Still Life: The Days of Unprocessed Food
Hello Friends! I’m out of town this week visiting Chicago. Since I haven’t been doing any cooking and have decided to not take pictures in restaurants anymore, I thought I’d share a few food-related images from my visit this morning to Chicago’s Art Institute.
I love studying these still lifes—especially the four from the 17th century—because they provide a glimpse at life before processed food. The vegetables are wild and beautiful with their uneven contours, and the dead game is a solemn reminder that meat didn’t always come wrapped on Styrofoam trays wrapped in plastic. There is one thing, though, that hasn’t changed in the hundreds of years since these still lifes were painted: mankind’s fascination with and celebration of food.

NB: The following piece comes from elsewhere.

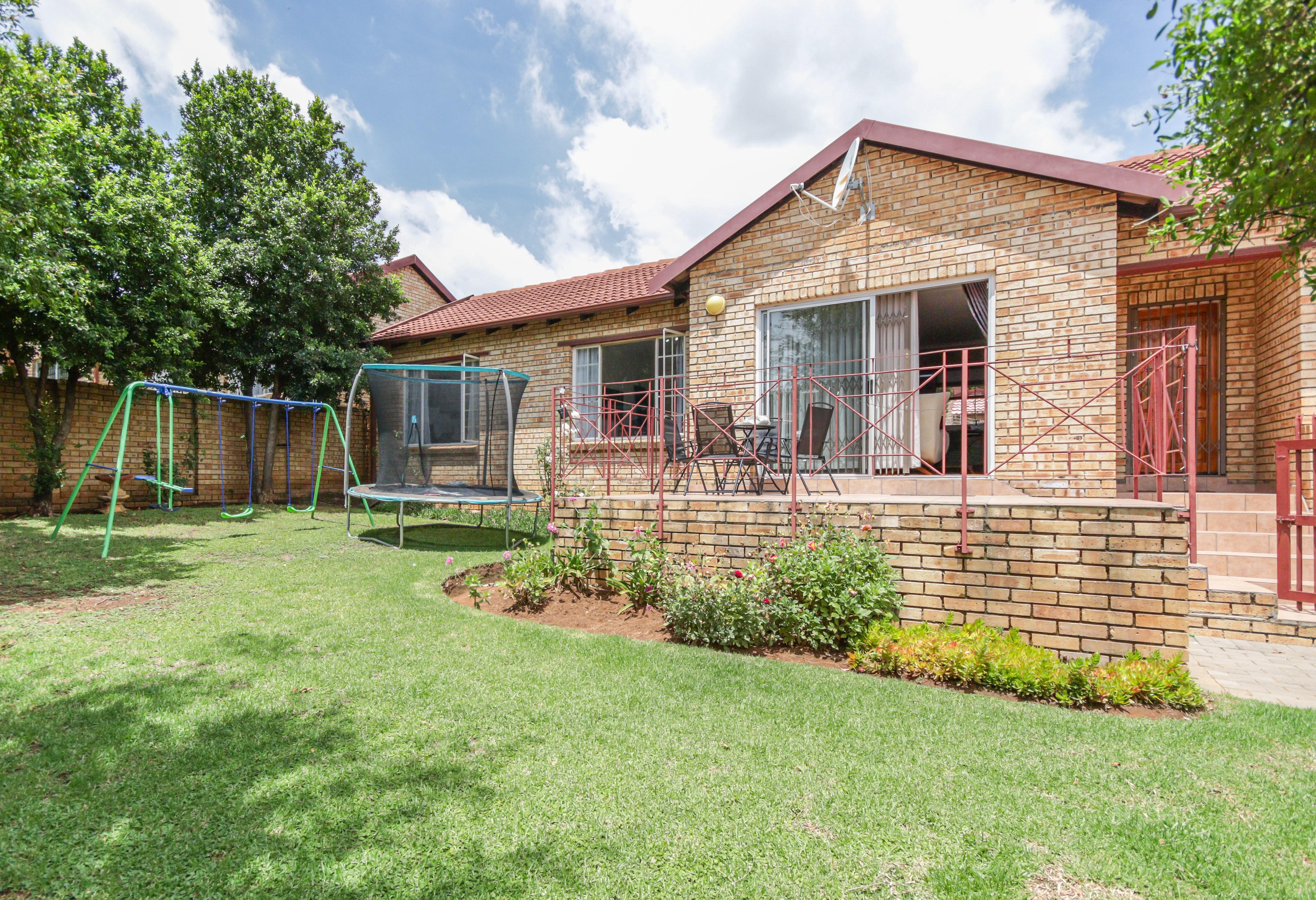 3 Bedroom Property for Sale in Kyalami Hills Gauteng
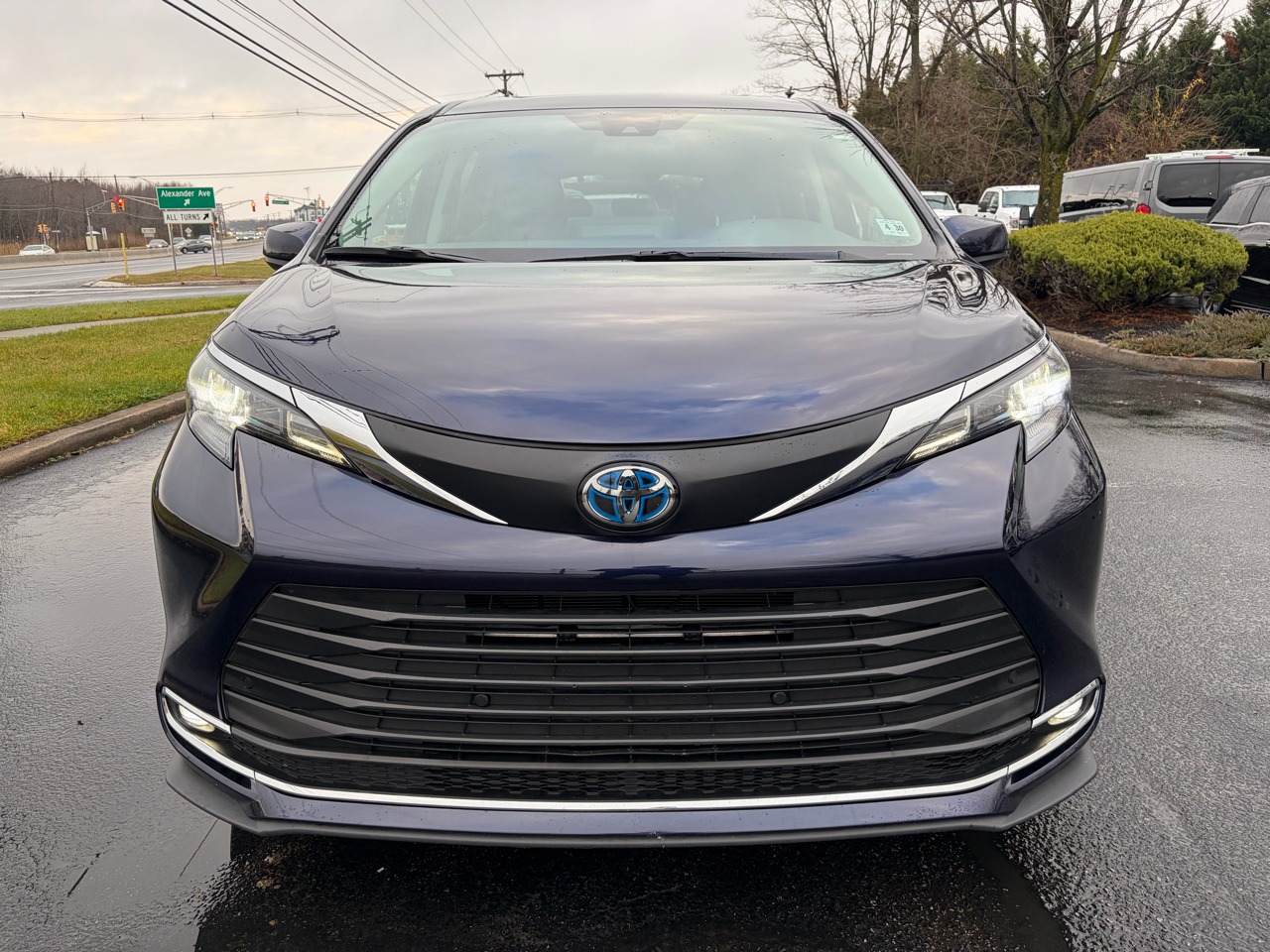 2024 Toyota Sienna XLE FWD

Juan Sanchez Cotan: Still Life with Game Fowl (c. 1602) What variety of fowl! These four birds trump the generic chicken and turkey I eat.
Frans Snyders: Still Life with Dead Game, Fruits, and Vegetables in a Market (1614) The abundance of this painting reminds me an “I Spy” book. Do you spy the pickpocket?
Pieter Claesz: Still Life (1625/1630) A lavish banquet: the lemons, olives, sweetmeats and tableware are luxuries only the wealthy could have afforded.
Attributed to Paolo Antonio Barbieri: Kitchen Still Life (c. 1640) I was drawn to the simplicity of the foods in this painting: a basket of chestnuts, two wheels of cheeses, almonds, currants and mushrooms—the offerings of the land.
Pierre-Auguste Renoir: Fruits of the Midi (1881) Renoir probably painted these colorful peppers, eggplant, citrus and pomegranates while traveling along the Midi, the Mediterranean coast.
William Michael Harnett: For Sunday’s Dinner (1888) In person, this painting looks eerily realistic. My queasiness, however, turned to delight as I realized this naked bird was going to be Sunday’s Dinner.